Fresh off the gutting of net neutrality rules by the Federal Communications Commission, Republicans in Congress are working on a bill that would allow internet providers to create fast lanes, according to a source that has seen a synopsis of the bill.

The FCC previously had strong net neutrality regulations put in place under the Barack Obama administration. Under the Donald Trump administration, the FCC voted on Thursday to undo those rules and effectively remove the FCC from regulating internet providers.

The bill means the FCC would be required to enforce some elements of net neutrality. Under the new bill, internet providers would not be able to block websites or throttle internet speeds, which are the most basic rules that open internet supporters advocate for.

It would, however, leave the door open for internet providers to begin segmenting their networks and begin charging content providers like Google, Facebook, and other companies for better access to users.

Net neutrality advocates have warned that allowing internet providers to manipulate their networks would effectively destroy the internet, hurting entrepreneurs and passing on higher costs to consumers.

The bill is being championed by Republican Congresswoman Marsha Blackburn, who has previously introduced net neutrality-related legislation.

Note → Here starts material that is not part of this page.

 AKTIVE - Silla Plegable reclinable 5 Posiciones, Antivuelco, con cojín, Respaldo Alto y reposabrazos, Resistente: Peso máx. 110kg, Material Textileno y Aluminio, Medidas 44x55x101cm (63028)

She gave her first interview on the bill to, claiming that the bill will "settle the net neutrality debate" and "codify the rules of a free and open internet."

It will also define "reasonable network management practices," a term that is used to reference how internet providers are allowed to manipulate their network so that internet traffic flows efficiently.

Under the bill, the FCC would enforce these rules but also be explicitly prevented from stopping internet providers from creating fast lanes. The Federal Trade Commission is currently tasked with overseeing those kinds of business dealings and would continue to do so under the bill.

More broadly, if the legislation passed the House of Representatives and the Senate, it would put into law the changes recently made by the FCC. Those changes would be difficult to undo in the future.